[Start of section]

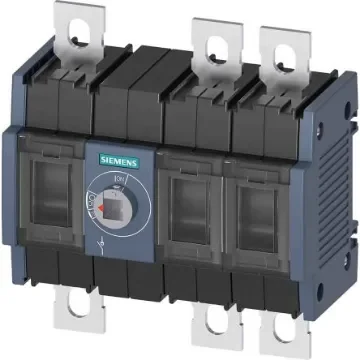 Siemens Switch Disconnector, 3 Pole, 200A Max Current, 200A Fuse Current - 3KD3630-0NE20-0 product image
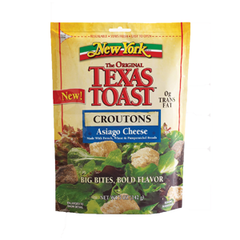 NEW YORK TEXAS TOAST ASIAGO CHEESE CROUTONS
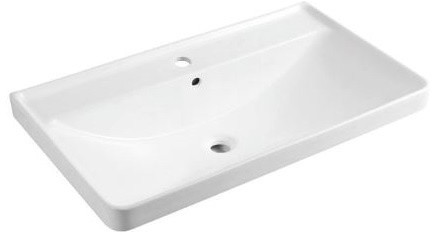 Lavita Nevada Umywalka meblowa 81,5x47,5 cm biała 5908211406091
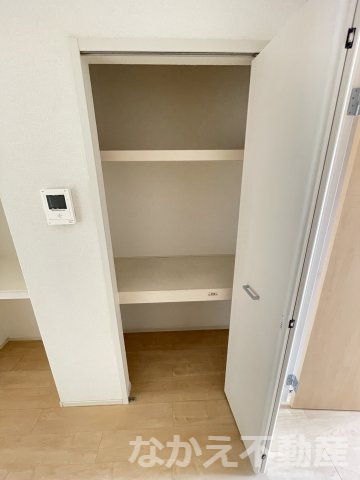 【収納】 | 収納のためのスペースです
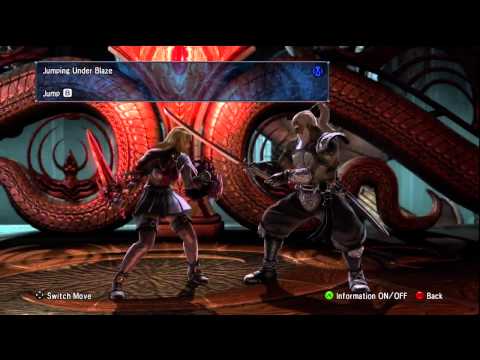 Soul Calibur 5 Pyrrha Omega Move List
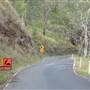 Winding Scenic Mountain Road - National Park
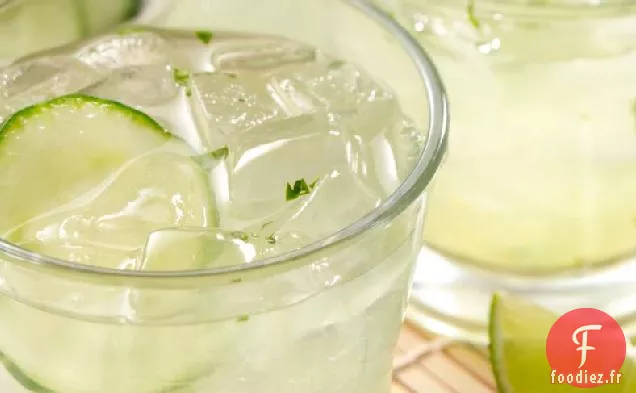 Margarita Au Concombre et à la Coriandre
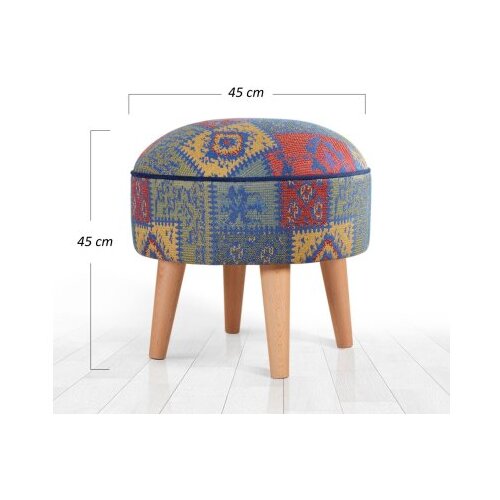 Atelier Del Sofa Tabure Rugrev, 45x45x45cm, &amp;Scaron;areno Slike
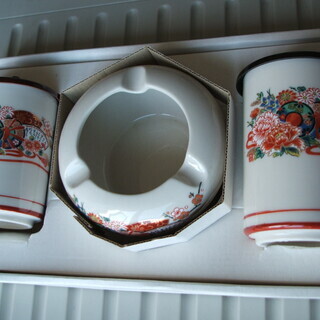 湯のみ茶碗セットの画像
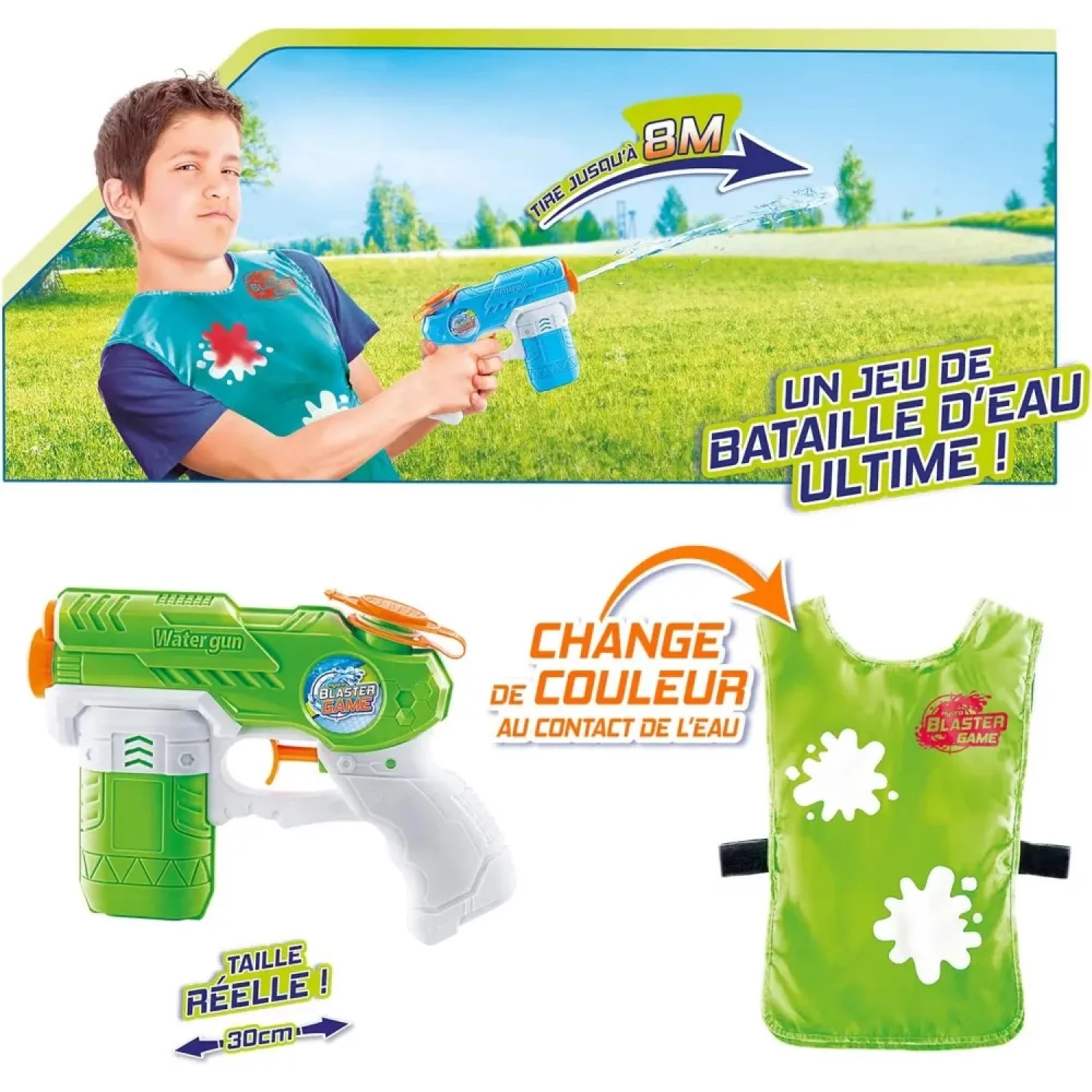 Hydro Blaster Game pistolj na vodu 006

[End of section]

Write out an exact reproduction of the lines from the line that holds "Winding Scenic Mountain Road - National Park" to the bottom of the listing above, both ends included. Exclude pictures.

 Winding Scenic Mountain Road - National Park
 Margarita Au Concombre et à la Coriandre
 Atelier Del Sofa Tabure Rugrev, 45x45x45cm, &amp;Scaron;areno Slike
 湯のみ茶碗セットの画像
 Hydro Blaster Game pistolj na vodu 006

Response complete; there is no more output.